Checkerberry (Gaultheria procumbens) is a shade-tolerant shrub found in Alberta's oak woods and bogs. Reaching only 6 inches high, it has shiny, oval, green leaves that turn red with the first frost. The 1- to 2-inch leaves remain on the shrubs through the winter. Between June and August, according to the Missouri Botanical Garden, this woody perennial has fragrant clusters of white or pale pink bell-shaped blossoms. Red wintergreen-flavored berries follow the flowers and are used in gum and candy. The shrub's leaves provide winter forage for grouse, deer and small mammals. Plant it as a ground cover in a partly shady to shady spot with acidic soil.
Bog laurel (Kalmia potifolia) is an evergreen shrub standing less than 3 feet high. Found in Alberta's mountain meadows and cool bogs, it has attractive leathery blue-green foliage. Another mat-forming plant, it has trailing stems. Clusters of 1/2-inch bell-shaped pink flowers top its woody branches in May and June, says the Lady Bird Johnson Wildflower Center. Plant bog laurel in a shady, wet location. It likes acidic soil high in organic material or peat. Ingesting any part of bog laurel is potentially fatal.

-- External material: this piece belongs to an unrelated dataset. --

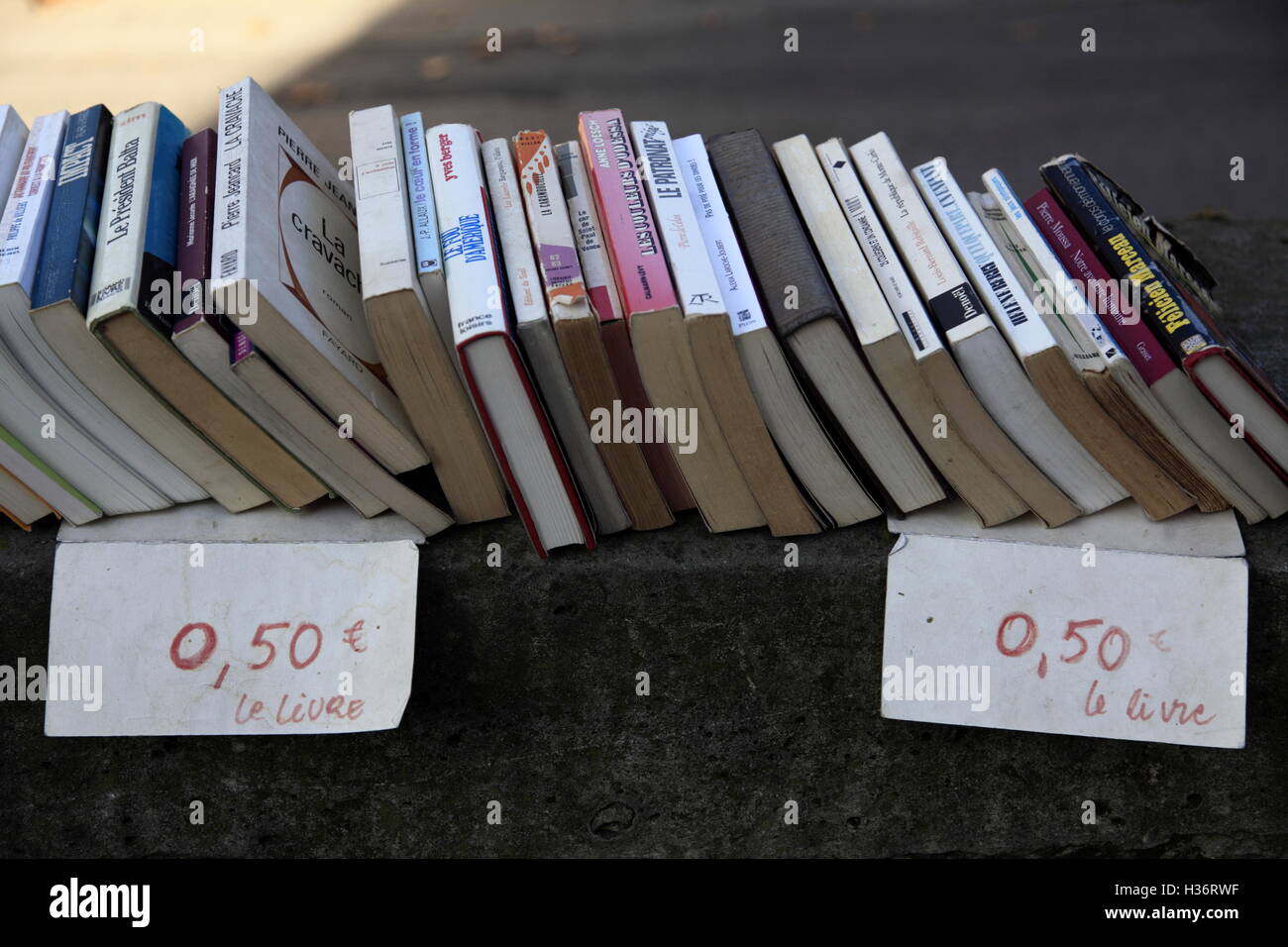 Vecchi libri in vendita sulla riva sinistra del fiume Senna. Parigi. Francia Foto Stock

Highbush cranberry (Viburnum opulus var. americanum) is a 6- to 10-foot shrub that grows in part shade. It's a member of the honeysuckle family, not a true cranberry. Found in Alberta's cool woods and thickets, it has dense branches with maple-like green leaves that become reddish-yellow or reddish-purple in fall. Between May and July, the bushes produce flat clusters of fragrant white flowers. Clusters of edible bright red berries similar to cranberries follow in August and early September. If picked before completely ripe, they make good preserves and sauces, says the USDA Natural Resources Conservation Service. Berries remain on the shrubs into winter, providing food for birds and small mammals. Plant highbush cranberry in moist to wet, well-drained pH-neutral loam and part shade.

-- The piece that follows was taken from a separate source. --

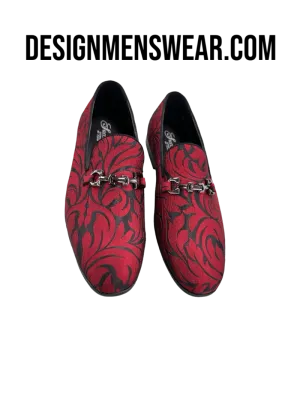 Red Men's Paisley Slip-On Shoes Luxury Fashion Design with Buckle SH-3620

Labrador tea (Ledum groenlandicum), according to Alberta Plant Watch, is a small evergreen shrub standing between 1 and 2.5 feet high. It's common in in the shade of Alberta's forests, peatlands, and bogs. There are narrow green leaves, aromatic when crushed, at the tips of the stems, where loose clusters of small white flowers bloom between May and August. This flood-tolerant plant is a major food source for Alberta's caribou. Its fresh or dried flowers and leaves make Vitamin C-rich tea. Plant Labrador tea in wet, acidic poor soil.